Président de la FNCPG-CATM
Cinq années de désespérance et d’espoir, telle est la source de cette Fédération, la nôtre, que nous fêtons après quarante années dans l’unité et l’action commune. Elle fut et elle demeure notre création, l’œuvre d’hommes que l’amertume de la bataille perdue et des humiliations subies n’a pu disperser parce qu’ils ont au contraire choisi spontanément d’y puiser l’aliment d’une fraternité jamais démentie.
Par leur diversité même, les témoignages qui suivent aideront à apprécier la richesse du patrimoine moral, et j’ose dire spirituel, qu’au fil des années nous avons ensemble constitué, et qu’ont, depuis une vingtaine d’années, commencé d’assumer à nos côtés nos cadets d’Afrique du Nord. Dans ce patrimoine, quelles valeurs fondamentales convient-il aujourd’hui de mettre en lumière ? Sans doute, me semble-t-il, la fidélité et la solidarité.
Fidélité d’abord à la Patrie blessée, ravagée et opprimée. Je vois encore, le 15 juin 1940 à Souilly un de mes camarades Saint-Cyrien en larmes : « Ils sont à Paris ! ». Combien d’autre, à la même heure, étaient plongés dans la même profonde détresse ! C’est que pour nous tous, la Patrie n’a jamais été un thème d’opportunité, une vérité de circonstance, prétexte à des développements chargés de lyrisme parfais plus que de sincérité. Elle est pour nous comme une réalité charnelle avec laquelle nous faisons corps et sur laquelle, jusque dans l’exil, l’oubli qui peut signifier l’abandon, n’a jamais eu prise.
Dès lors les vertus du patriotisme allaient tout naturellement s’exprimer jusque sous le joug ; celui de nos camps, où la lutte sournoise et multiforme n’était pas toujours exempte de risques graves ; celui de l’occupation qui suscita le combat clandestin de notre M.N.P.G.D., l’une des sources de la grande Fédération qui nous rassemble toujours.

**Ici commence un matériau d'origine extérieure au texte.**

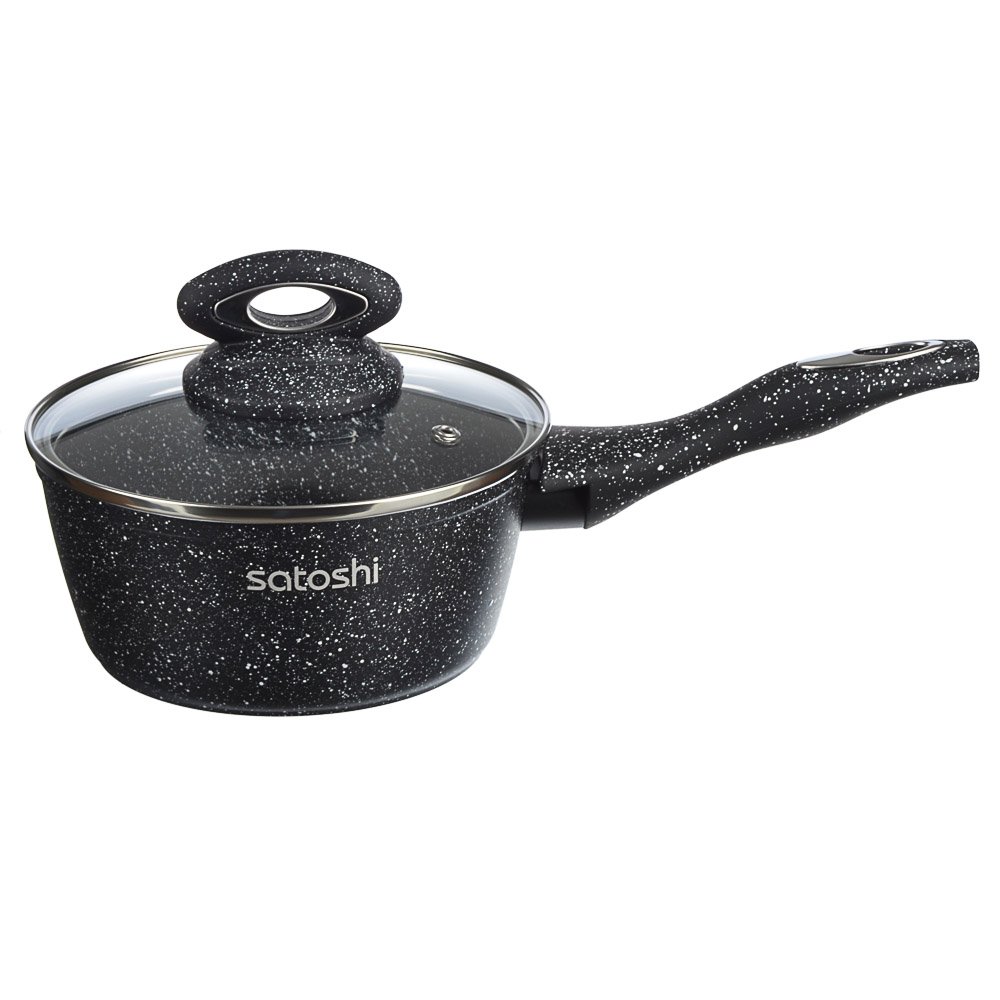 SATOSHI Валанс Наб.посуд.10пр, а/пр.покр.:кастр.+крышки:2.3л;3.9л;6.1л; ковш+крышка1,1л;сков.24,28см, арт.№ 846-555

Solidarité de tous les instants envers les plus démunis des nôtres, nos familles, les désemparés, les désespérés auxquels les Centres d’Entraide tendirent tant de mains secourables et portèrent tant de messages du cœur ; ils dessinaient déjà bien avant notre retour les perspectives où s’inscrirait au fil des années une action sociale inventive et dynamique, ouverte, au-delà de nous-mêmes, à ceux que la maladie ou les inadaptations, les handicaps de tous ordres condamneraient à la condition d’exilés en marge de la société et en feraient ainsi indéfiniment les victimes d’une autre forme de captivité.

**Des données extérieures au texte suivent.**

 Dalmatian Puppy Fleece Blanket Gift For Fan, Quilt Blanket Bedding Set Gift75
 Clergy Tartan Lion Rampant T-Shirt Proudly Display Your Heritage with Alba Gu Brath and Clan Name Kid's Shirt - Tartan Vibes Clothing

Cette solidarité des camps nous aura appris, au contact d’une idéologie barbare et de ses cruautés, la valeur et la dignité de la personne humaine, par-delà toutes les différences physiques, morales et culturelles auxquelles nous confronte le Monde d’aujourd’hui.
En ces jours où tant des nôtres sont disparus, qui avaient longtemps agi et lutté parmi nous et pour certains à notre tête, nous avons un droit et un devoir de fierté ; non certes de notre condition passée de captifs, mais de la victoire qu’ensemble nous avons remportée contre les tentations du renoncement.
Cette grande fête de notre Fédération est donc vraiment nôtre. Puisse-t-elle être pour chacun l’occasion de récapituler toutes les étapes d’une vie où la guerre nous a rappelé les richesses de la Paix, où la captivité nous a enseigné la valeur de la Liberté, où le Retour nous a nourris des joies de la Patrie retrouvée et renaissante.